第18話

 第7階層へ降りると、ついに景色が変わった。


 洞窟の中だろうか。


 円形のフィールドになっていて、周囲の壁や天井が岩でできているようだ。


 そして俺の眼前には――。


 緑色の肌に、人型のモンスター。


 といっても、その体格はゴブリンとは比べ物にならない。


 身長は2メートルを優に超え、分厚い筋肉に覆われた鋼の肉体。


 Cランクモンスター、オーガがそこにいた。


『最終階層に入場しました。魔力を回復します』


 耳元からそんな声が聞こえてくる。


 慌ててステータスを確認してみると、魔力が満タンになっていた。


 ダンジョンにはボスモンスターというものが存在する。


 ボスモンスターには二種類あって、一番最後に出て来るのがラストボス、途中に出て来るものをミドルボスという。


 ラストボスはそのダンジョンで最も強いモンスターであり、それを倒すとダンジョンをクリアしたことになる。
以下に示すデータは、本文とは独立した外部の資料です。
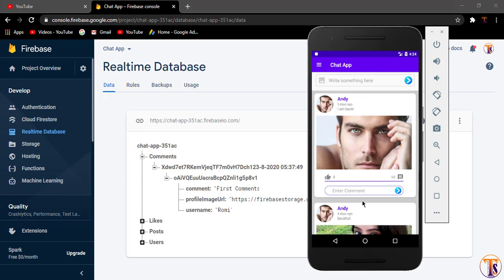In the next video we will fetch our comments using Firebase UI RecyclerView. Please like, share, and subscribe to the channel. See you in the next video — take care.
『ラストボスモンスター”オーガ”との戦闘開始まであと1分です。それまでしばらくお待ちください。なお、戦闘が始まるまでの間にオーガを攻撃してもダメージを与えることはできません』


 ただ、普通のダンジョンにはこんなシステムはなかったはずだ。


 おそらくこのチュートリアルダンジョン特有の、サービスみたいなものなんだろうな。


「ガアアアアアアアッ!!!!」


 一分が経ったのか、戦闘の始まりを知らせるようにオーガが吠えた。


 凄い迫力だ。


 これまでモンスターと戦闘を重ね、多少は慣れたつもりでいた。


 ただ、やはりこういった自分よりも遥かにデカい相手だと、本能的に恐怖を感じてしまうな。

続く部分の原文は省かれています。